● **What to do**:
Output the lines of the records below exactly, beginning at their first line and ending at the line with "HH Women Winter"; include no pictures.

-- Extracted data follows --

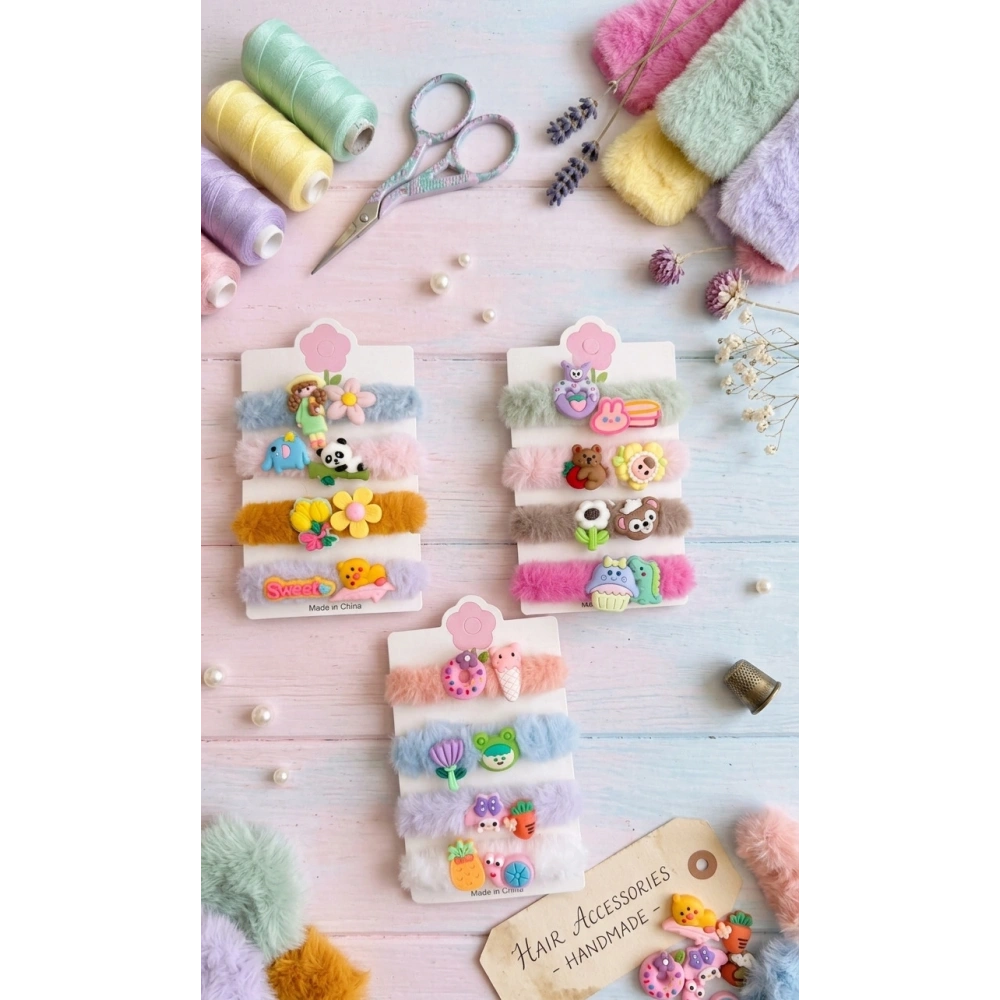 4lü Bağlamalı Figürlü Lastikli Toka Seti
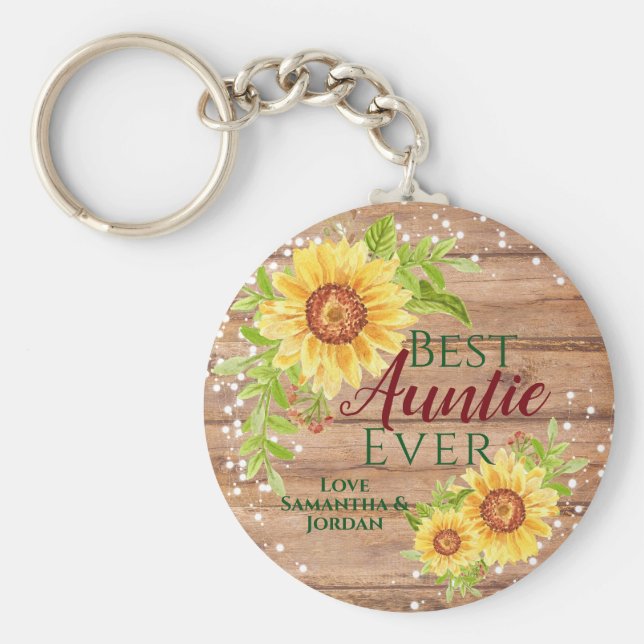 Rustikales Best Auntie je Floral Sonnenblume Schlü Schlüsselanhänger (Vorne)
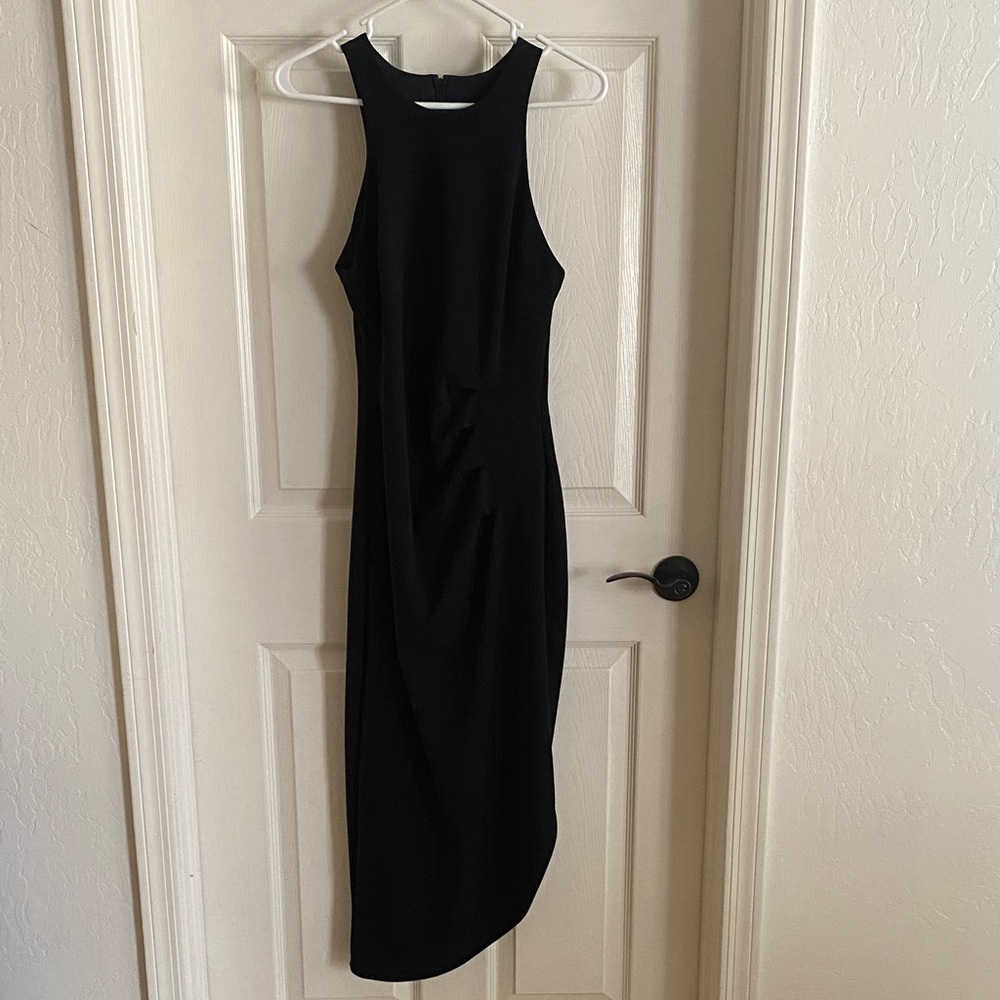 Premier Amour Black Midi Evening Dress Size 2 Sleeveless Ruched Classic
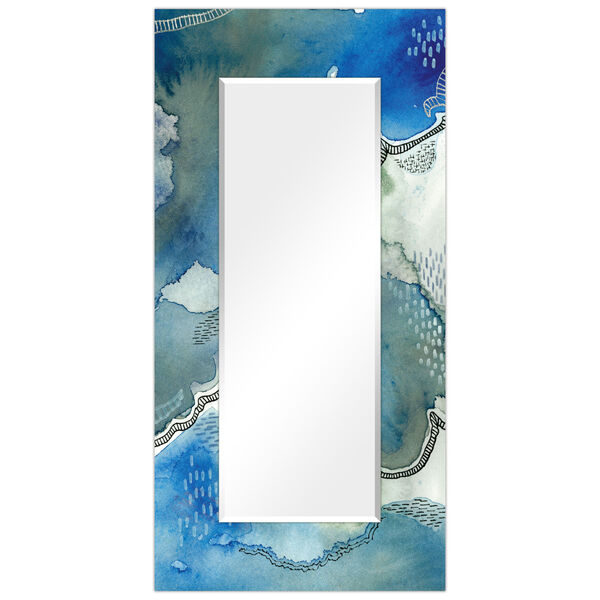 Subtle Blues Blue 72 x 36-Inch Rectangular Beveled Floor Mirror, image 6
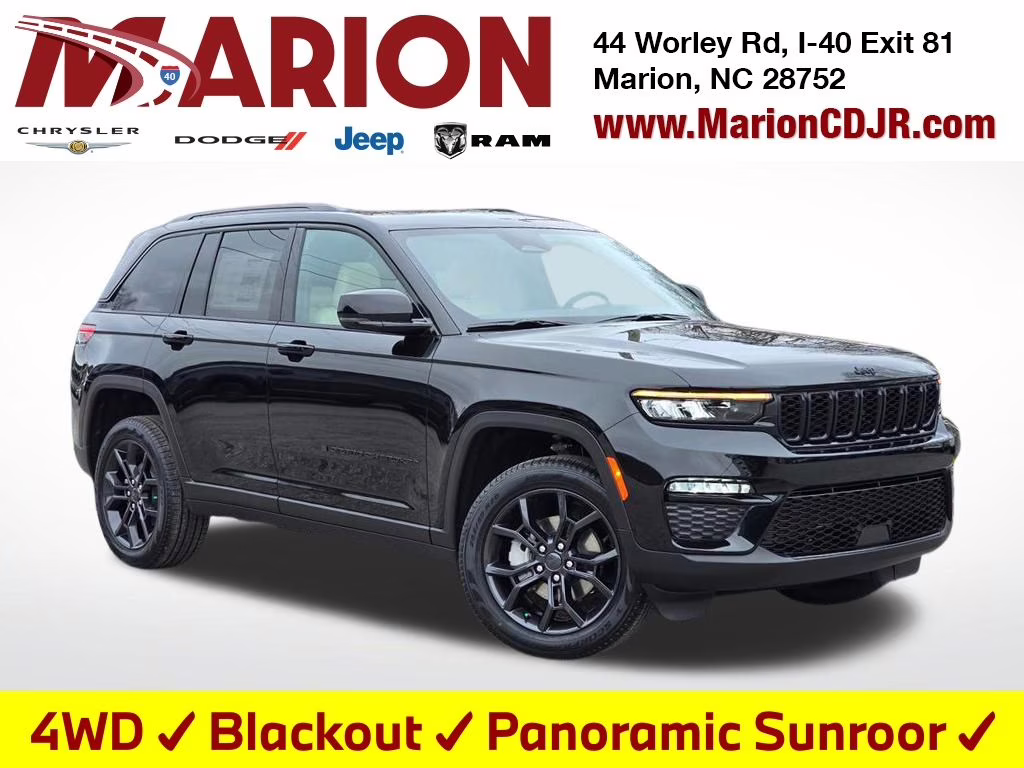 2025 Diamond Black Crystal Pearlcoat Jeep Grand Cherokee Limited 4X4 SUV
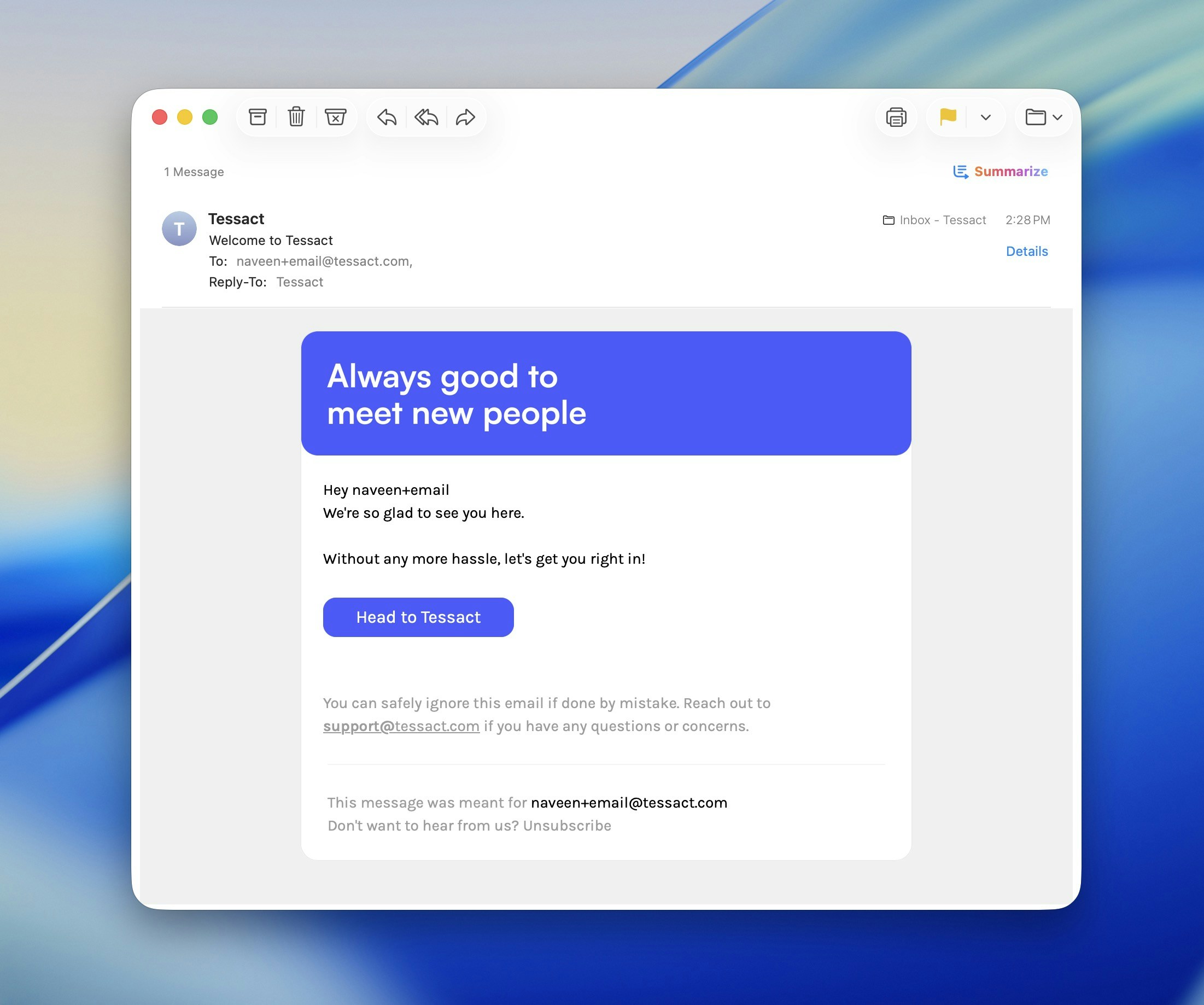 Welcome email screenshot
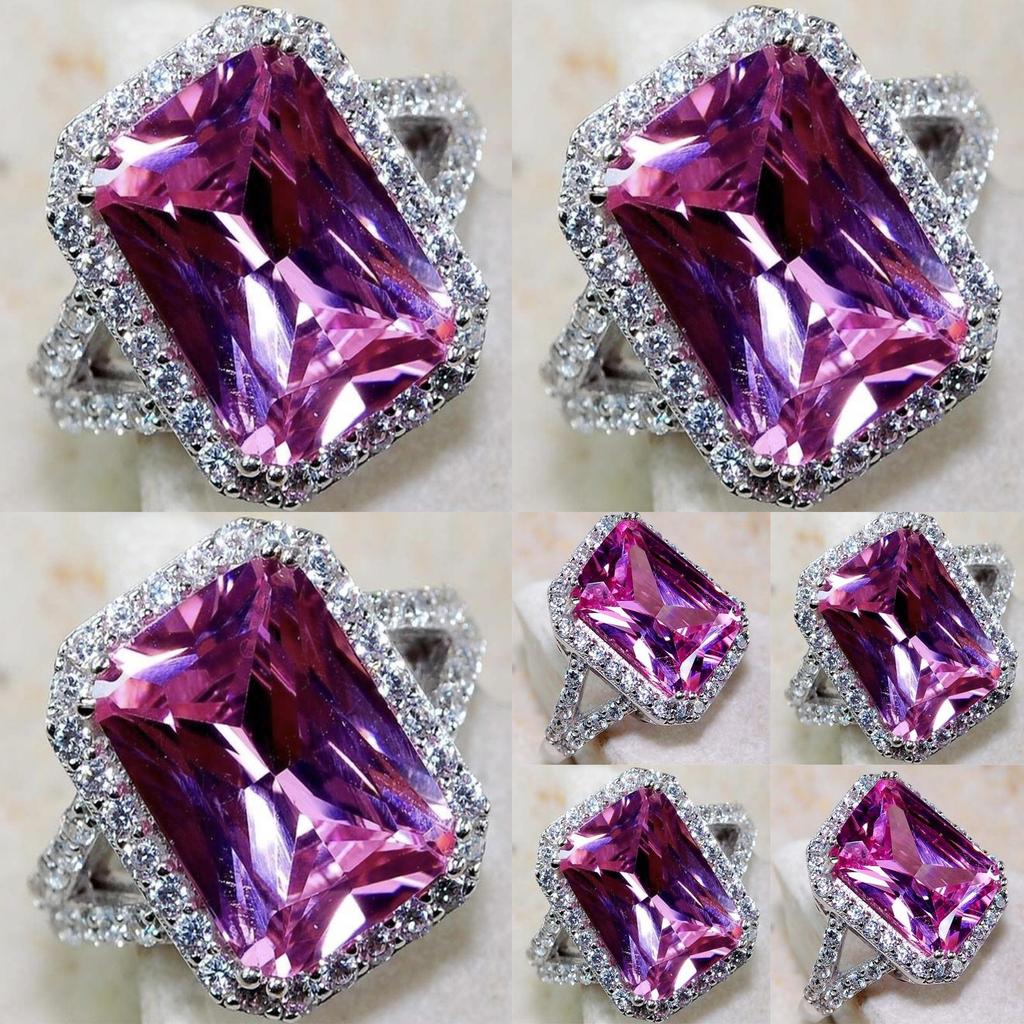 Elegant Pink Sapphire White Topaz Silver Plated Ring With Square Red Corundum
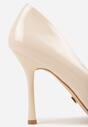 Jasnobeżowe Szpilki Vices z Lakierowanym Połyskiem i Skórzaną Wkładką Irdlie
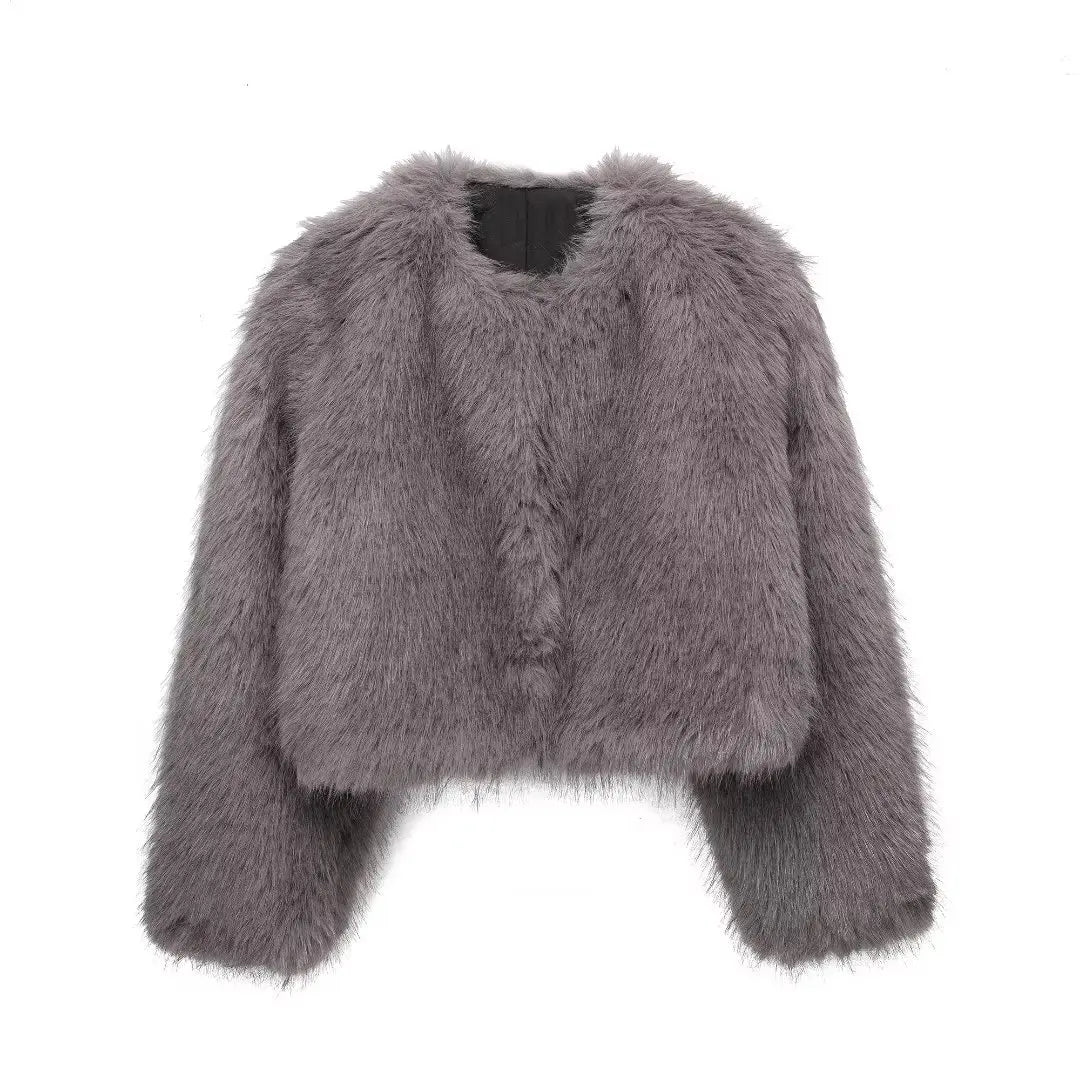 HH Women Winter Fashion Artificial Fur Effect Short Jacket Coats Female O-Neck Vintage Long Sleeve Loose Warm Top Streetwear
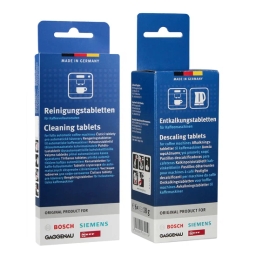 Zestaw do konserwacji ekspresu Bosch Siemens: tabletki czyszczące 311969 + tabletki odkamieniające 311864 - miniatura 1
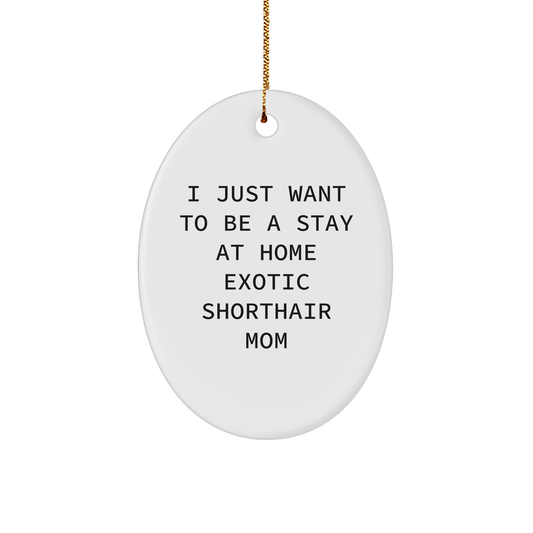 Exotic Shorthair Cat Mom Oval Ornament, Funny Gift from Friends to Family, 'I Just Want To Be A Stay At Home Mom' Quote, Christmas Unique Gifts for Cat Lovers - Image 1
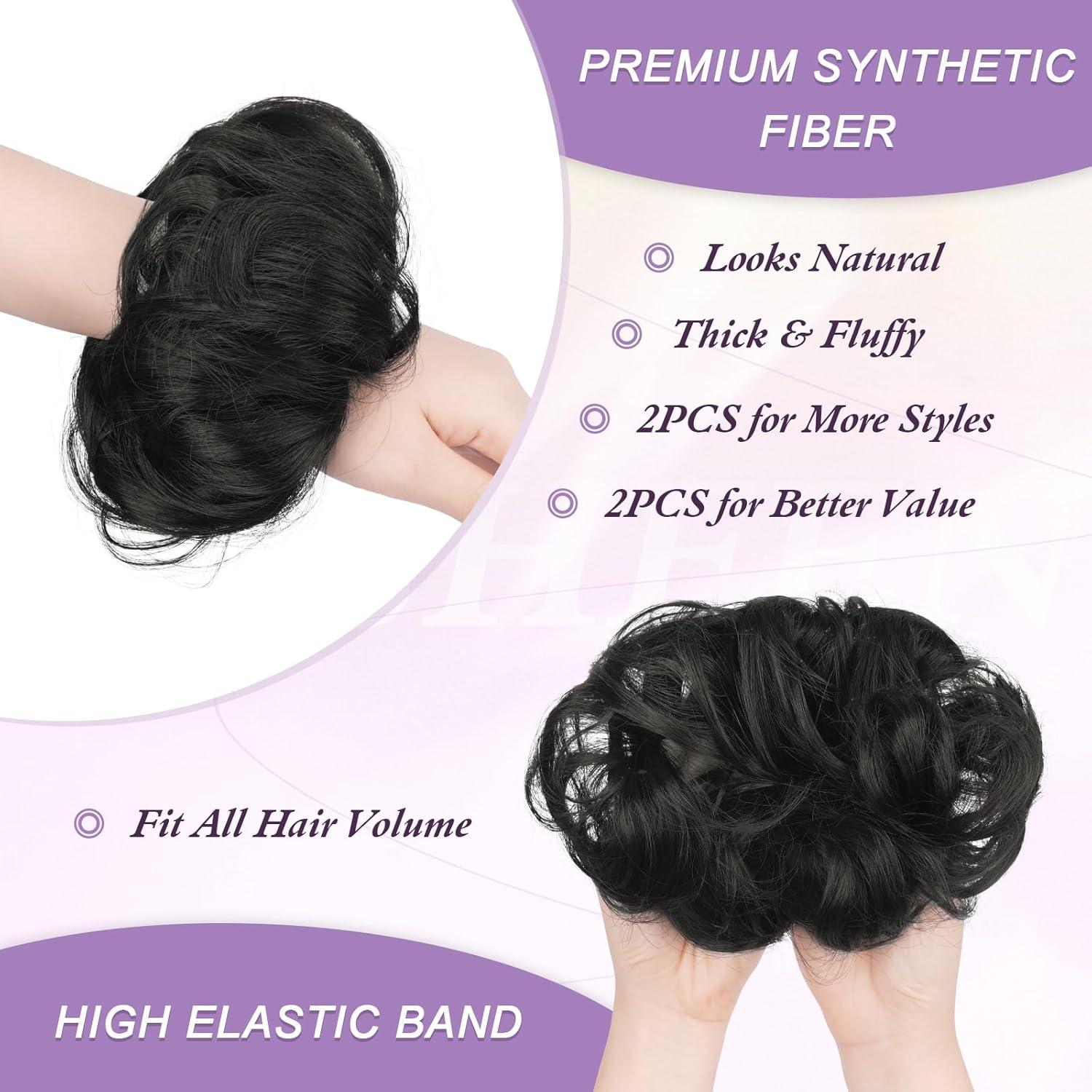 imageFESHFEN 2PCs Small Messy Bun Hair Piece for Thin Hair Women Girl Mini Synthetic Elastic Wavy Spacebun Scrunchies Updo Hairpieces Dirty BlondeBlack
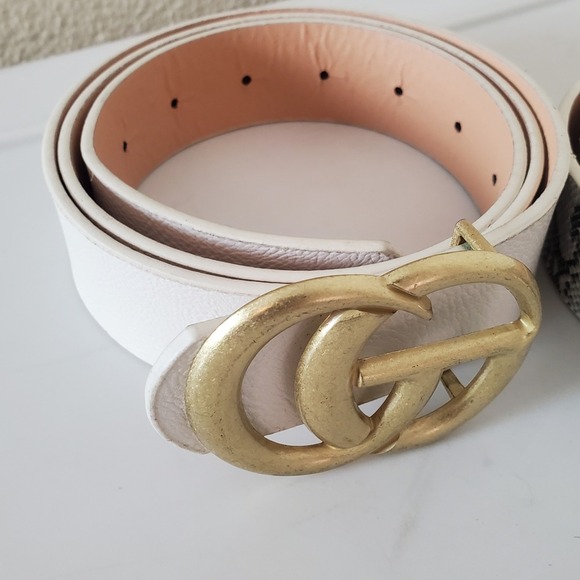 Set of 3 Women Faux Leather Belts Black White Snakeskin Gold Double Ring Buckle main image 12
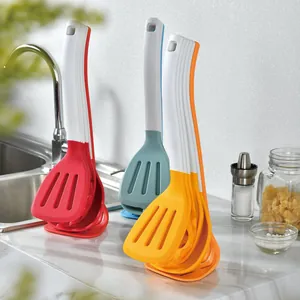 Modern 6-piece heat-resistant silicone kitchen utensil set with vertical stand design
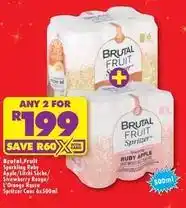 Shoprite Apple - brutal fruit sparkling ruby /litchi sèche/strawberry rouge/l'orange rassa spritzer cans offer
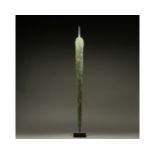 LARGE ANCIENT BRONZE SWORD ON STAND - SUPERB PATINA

-- Extracted data concluded --

● **Response**:
 4lü Bağlamalı Figürlü Lastikli Toka Seti
 Rustikales Best Auntie je Floral Sonnenblume Schlü Schlüsselanhänger (Vorne)
 Premier Amour Black Midi Evening Dress Size 2 Sleeveless Ruched Classic
 Subtle Blues Blue 72 x 36-Inch Rectangular Beveled Floor Mirror, image 6
 2025 Diamond Black Crystal Pearlcoat Jeep Grand Cherokee Limited 4X4 SUV
 Welcome email screenshot
 Elegant Pink Sapphire White Topaz Silver Plated Ring With Square Red Corundum
 Jasnobeżowe Szpilki Vices z Lakierowanym Połyskiem i Skórzaną Wkładką Irdlie
 HH Women Winter Fashion Artificial Fur Effect Short Jacket Coats Female O-Neck Vintage Long Sleeve Loose Warm Top Streetwear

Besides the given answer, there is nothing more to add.